> _PROBLEM DETAILS_:
Images are to be omitted, and the rest of the records reproduced exactly.

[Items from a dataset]
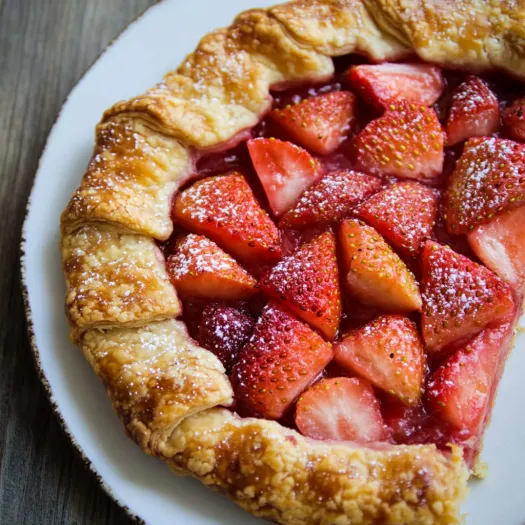 A slice of strawberry pie on a plate.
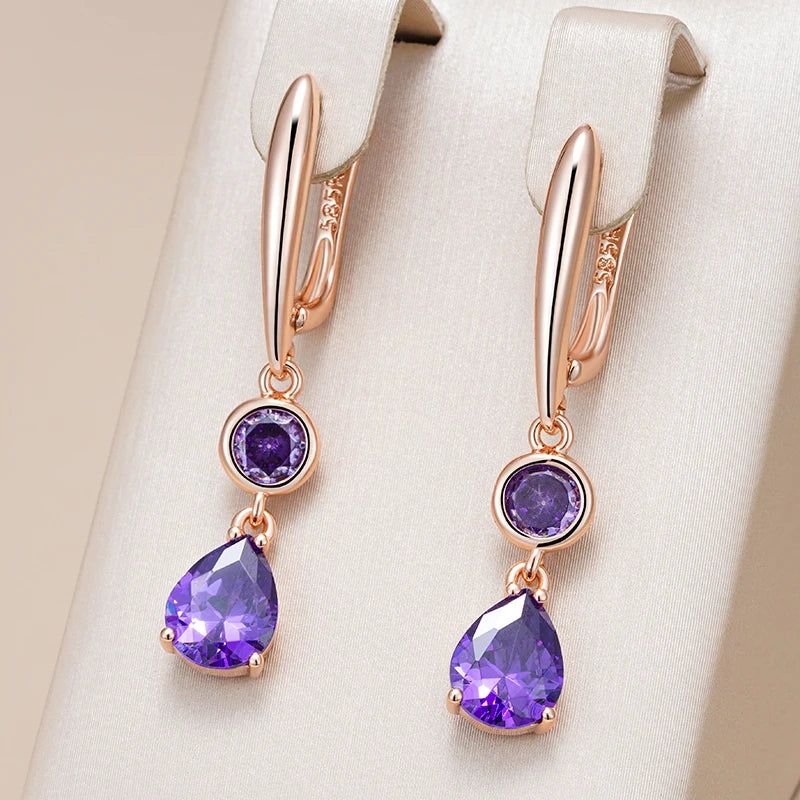 Tasteful Purple Zircon Long Dangle Earrings in Vintage Rose Gold Plating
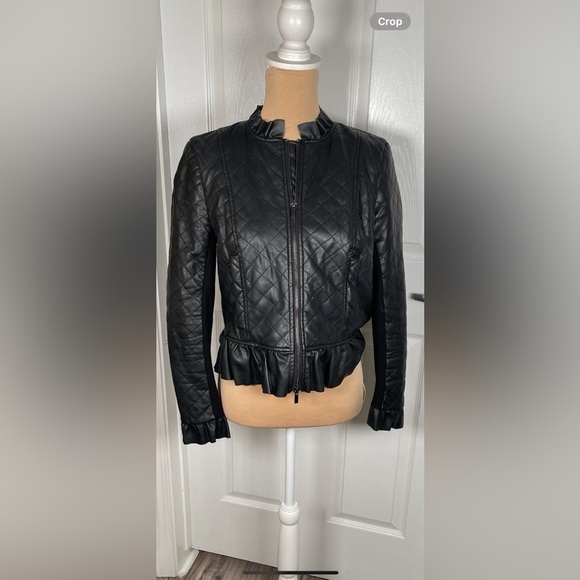 French Connection Brishen PU Frill Edge Faux Leather Biker Jacket Small - Picture 8 of 11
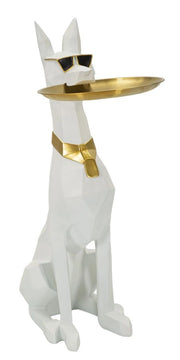 Statua Cane Pitbull Origami con Vassoio Portaoggetti - Design Glam Bianco e Oro Cm 27x51x74 - Decorazione Funzionale in Polyresin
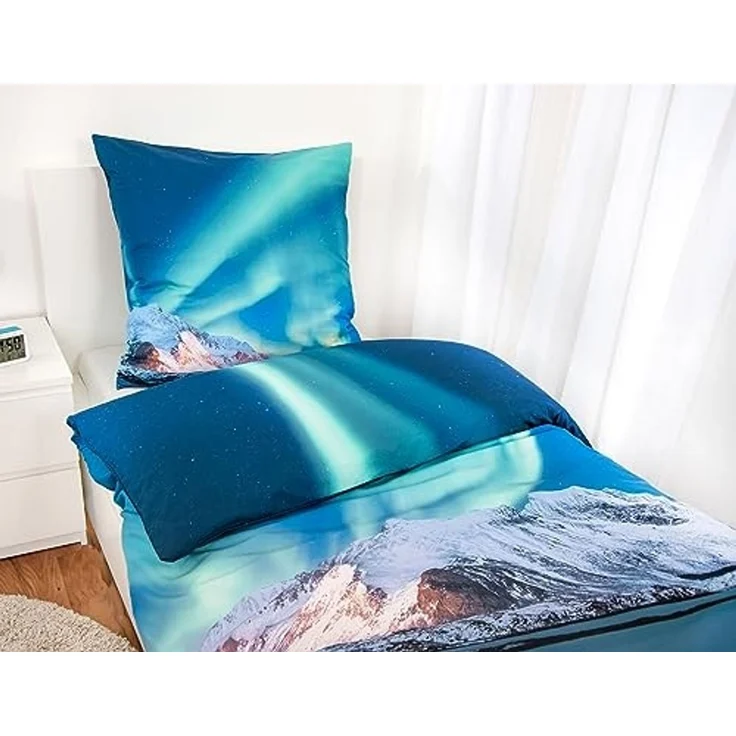 Herding Kinderbettwäsche Polarlichter Bettwäsche Set 2tlg. 135x200 cm 100% Microfaser – Bild 3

> _SOLUTION TO THE PROBLEM_:
 A slice of strawberry pie on a plate.
 Tasteful Purple Zircon Long Dangle Earrings in Vintage Rose Gold Plating
 French Connection Brishen PU Frill Edge Faux Leather Biker Jacket Small - Picture 8 of 11
 Statua Cane Pitbull Origami con Vassoio Portaoggetti - Design Glam Bianco e Oro Cm 27x51x74 - Decorazione Funzionale in Polyresin
 Herding Kinderbettwäsche Polarlichter Bettwäsche Set 2tlg. 135x200 cm 100% Microfaser – Bild 3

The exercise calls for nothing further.